On the pitch, early results went against the Liga holders. Barca triumphed in just two of their first seven games, a run that included a 2-1 defeat at the hands of Atletico Madrid. But Rijkaard's men later found their stride, and embarked on an awesome run of 15 straight wins in which the trio of Ronaldinho, Eto'o and Messi, admirably supported by Deco playing deeper, began to net against all-comers.
Real Madrid's Galacticos, meanwhile, were struggling to shine. Despite spending almost €100m on stars like Sergio Ramos, Robinho, Antonio Cassano and Julio Baptista the team coached by Brazilian Luxemburgo seriously underachieved, losing six times in the first half of La Liga alone. Luxemburgo's 'magic triangle', an attempt to impose the Brazilian 4-2-2-2 formation on David Beckham, Zinedine Zidane, Ronaldo and the rest of Madrid's idols, failed miserably, and he was eventually sacked in December; a 3-0 drubbing at home to Barcelona in which Ronaldinho hit twice and was given a standing ovation by the Bernabeu ultimately sealed his fate.

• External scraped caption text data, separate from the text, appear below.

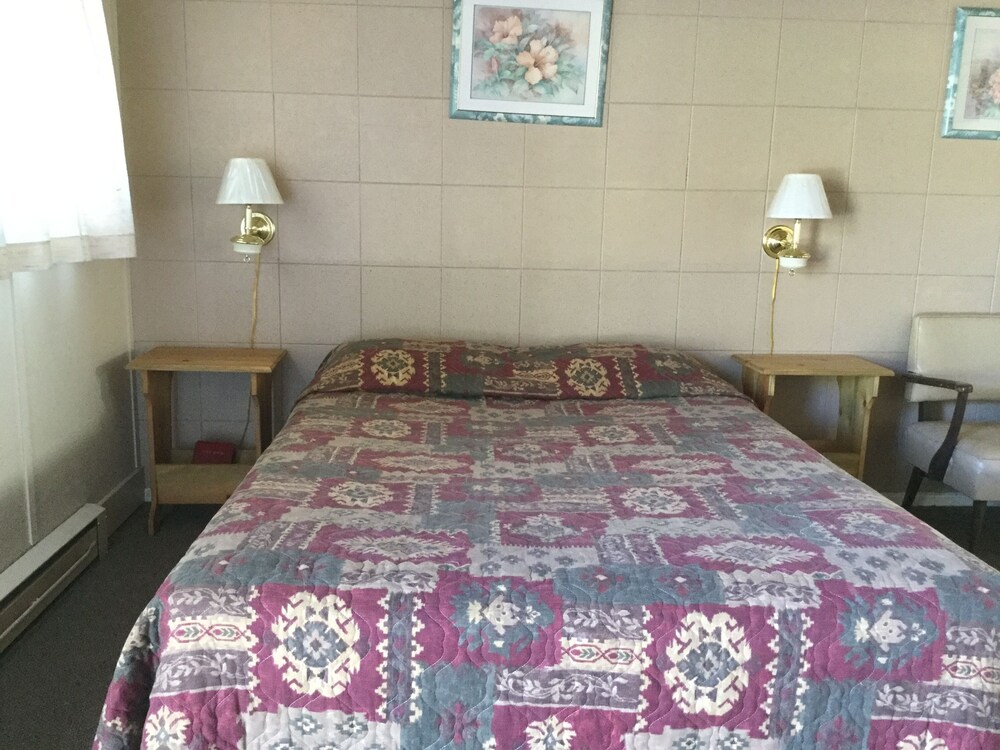 Cedars Motel
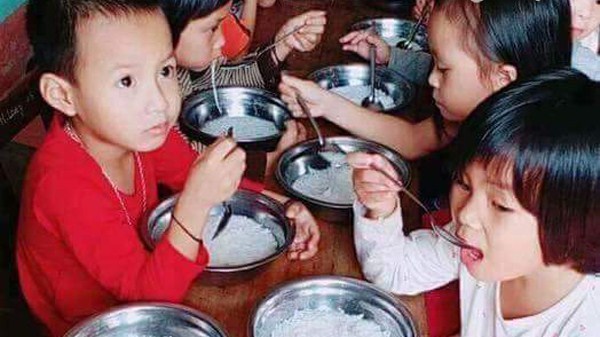 Phụ huynh bức xúc vì 'bữa ăn đạm bạc' chỉ có bún luộc của trẻ mầm non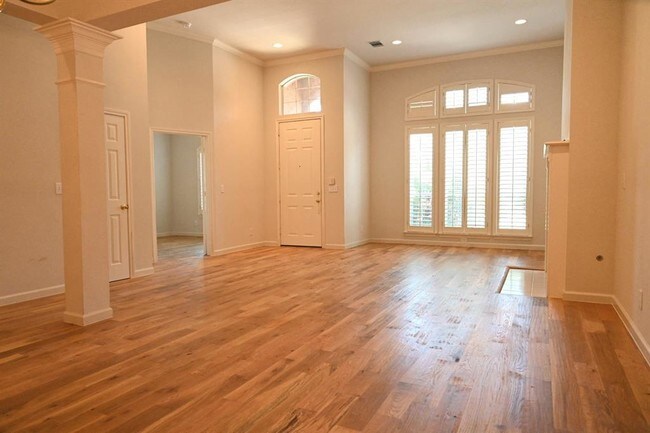 Foto del edificio - 18415 Tettenhall Dr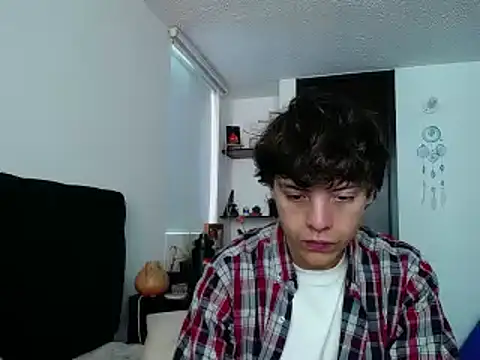 Santiago kiler online show from 12.20.24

Long-time Castilla boss Caro took over for the rest of the season and results improve in the capital, but it was not enough to change the destiny of the Liga title. While further defeats followed for Barcelona in a subdued second half of the campaign it was enough to waltz to the title, as the Champions League took centre-stage. Barca could even lose their last two Liga outings and still maintain a winning margin of 12 points, testament to their dominance over the season.
Madrid nevertheless grabbed a respectable second; the final Champions League spots, meanwhile, went to Valencia and the season's surprise package Osasuna, who under the direction of Javier Aguirre qualified for the competition for the first time in their history.
PLAYER OF THE SEASON
The mercurial Brazilian was at the very height of his powers in 2005-06, a year in which he was named FIFA World Player of the Year for a second time as well as his first and only Ballon d'Or. Ronaldinho smashed 17 goals in La Liga and generally tortured his opponents in what many consider his greatest-ever season.
MANAGER OF THE SEASON
No arguments over this one, as the Dutchman moulded his talented side into a unit full of attacking flair and collective genius to walk La Liga.
SAMUEL ETO'O - 26 GOALS
The principal beneficiary of Ronaldinho's genius, Eto'o built on his memorable debut season with an even better second term at Camp Nou. The Cameroonian hit 26 goals in just 34 games to finish top scorer for the first and only time in Spain, going one better than runner-up David Villa.
MOST EXPENSIVE TRANSFER
Sevilla to Real Madrid
KEY MOMENT OF THE SEASON
Without a doubt, Ronaldinho's masterclass at the Bernabeu was the pivotal moment of the 2005-6 season. The Brazilian was unstoppable, and became only the second player after the great Diego Maradona to win the grudging admiration of the ever-hostile Madrid support.